Although tech hubs provide internet access to many areas in Africa, the International Monetary Fund (IMF) reports that some countries like Rwanda and Nigeria have a high percentage of access to the internet. However, only 28% of Africa’s overall population uses the internet. 

This hurts the potential benefits that people can gain from these advancements because with all the innovations sprouting up throughout the world today, the first tool necessary in technological economic advancement is access to the internet. Without internet access, many programs such as online banking apps or AgTech innovations could not function. For Africa to utilize the growing tech industry on its home front, basic technological infrastructure must undergo intercontinental establishment.

Technology, Not Poverty

With such a large number of developing countries on one continent, the issues surrounding global poverty are ever-more pertinent. Africa is home to the top impoverished nations in the world, with nearly 70% of all the world’s poor people living in sub-Saharan Africa.

Innovation, and the digital information technology that accompanies it, has become a necessary component of any effort to address such challenges as food security, education, health, energy, and competitiveness,” IMF reported. “Africa must shift its focus to retaining and creating wealth, better managing its resources, fostering inclusiveness, moving up on global value chains, diversifying its economies, optimizing the energy mix, and placing human capital at the center of policymaking.”

In many African nations, the poverty rates are increasing due to COVID-19. However, the pandemic has also provided the opportunity for these countries to accelerate their technological advancement in areas such as health, education and financial technology. As the pandemic pushes Africa’s acceleration in technological advancement, it has affected FinTech.

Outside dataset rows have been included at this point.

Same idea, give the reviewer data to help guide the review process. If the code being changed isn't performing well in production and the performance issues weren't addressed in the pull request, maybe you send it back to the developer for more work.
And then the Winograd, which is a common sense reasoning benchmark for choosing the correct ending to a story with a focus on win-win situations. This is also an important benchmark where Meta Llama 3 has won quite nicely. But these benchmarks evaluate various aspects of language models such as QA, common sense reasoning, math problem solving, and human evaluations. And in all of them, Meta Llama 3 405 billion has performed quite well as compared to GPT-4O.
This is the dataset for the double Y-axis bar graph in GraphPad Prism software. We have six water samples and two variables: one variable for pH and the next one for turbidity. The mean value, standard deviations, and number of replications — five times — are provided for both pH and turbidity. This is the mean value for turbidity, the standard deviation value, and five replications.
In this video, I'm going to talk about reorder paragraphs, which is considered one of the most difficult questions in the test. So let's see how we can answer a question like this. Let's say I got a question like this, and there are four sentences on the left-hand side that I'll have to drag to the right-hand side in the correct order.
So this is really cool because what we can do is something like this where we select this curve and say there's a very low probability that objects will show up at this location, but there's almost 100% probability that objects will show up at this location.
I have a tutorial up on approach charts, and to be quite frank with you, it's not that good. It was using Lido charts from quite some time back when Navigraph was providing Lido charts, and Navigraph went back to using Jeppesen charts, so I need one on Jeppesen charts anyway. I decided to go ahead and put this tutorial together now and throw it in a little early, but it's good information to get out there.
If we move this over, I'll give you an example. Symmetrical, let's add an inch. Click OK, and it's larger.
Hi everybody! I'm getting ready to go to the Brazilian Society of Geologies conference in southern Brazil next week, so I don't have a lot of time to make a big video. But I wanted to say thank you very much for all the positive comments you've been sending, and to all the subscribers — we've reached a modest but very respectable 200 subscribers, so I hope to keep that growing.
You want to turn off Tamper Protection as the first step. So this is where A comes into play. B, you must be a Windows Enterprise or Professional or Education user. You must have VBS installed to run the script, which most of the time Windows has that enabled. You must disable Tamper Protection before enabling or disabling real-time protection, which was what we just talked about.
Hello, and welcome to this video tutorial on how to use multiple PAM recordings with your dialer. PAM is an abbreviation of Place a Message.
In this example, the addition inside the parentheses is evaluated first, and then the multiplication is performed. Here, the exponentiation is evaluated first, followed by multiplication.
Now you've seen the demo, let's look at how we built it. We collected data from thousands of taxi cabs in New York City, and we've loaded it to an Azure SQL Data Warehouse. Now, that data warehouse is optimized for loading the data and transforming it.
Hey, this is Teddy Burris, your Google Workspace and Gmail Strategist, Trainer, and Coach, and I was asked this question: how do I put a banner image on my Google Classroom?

New Tech Programs to Help Develop Africa

One of the most significant investment programs happening in pan-Africa’s technological ecosystem is through the Global Innovation Initiative Group (GIIG), which recently started a $100 million program funding local tech start-ups in Africa. It aims to bring Africa up to speed in global network connectivity within the borders of Africa.

IBM, a global powerhouse in Information and Communication Technologies (ICT), has recently expanded its operations for cloud services in Africa, working with the pan-African bank, Ecobank, to provide online banking services to 33 countries.

A blockchain currency banking start-up in Africa, called KamPay, will soon launch in seven countries allowing more than 50 million potential users to make daily transactions with businesses and individuals. The company will be launching an “e-voucher system” for farmers to access means for growing crops more affordable, as a recent Forbes article has explained.

With the push from outside investors, international monitoring and local support, Africa’s tech industry is beginning to implement into the lives of the poor, giving them the tools and resources to lift themselves into a better standard of living. Only time and future investments and development into Africa’s tech world will prove how its innovative solutions in the fight against global poverty will spread.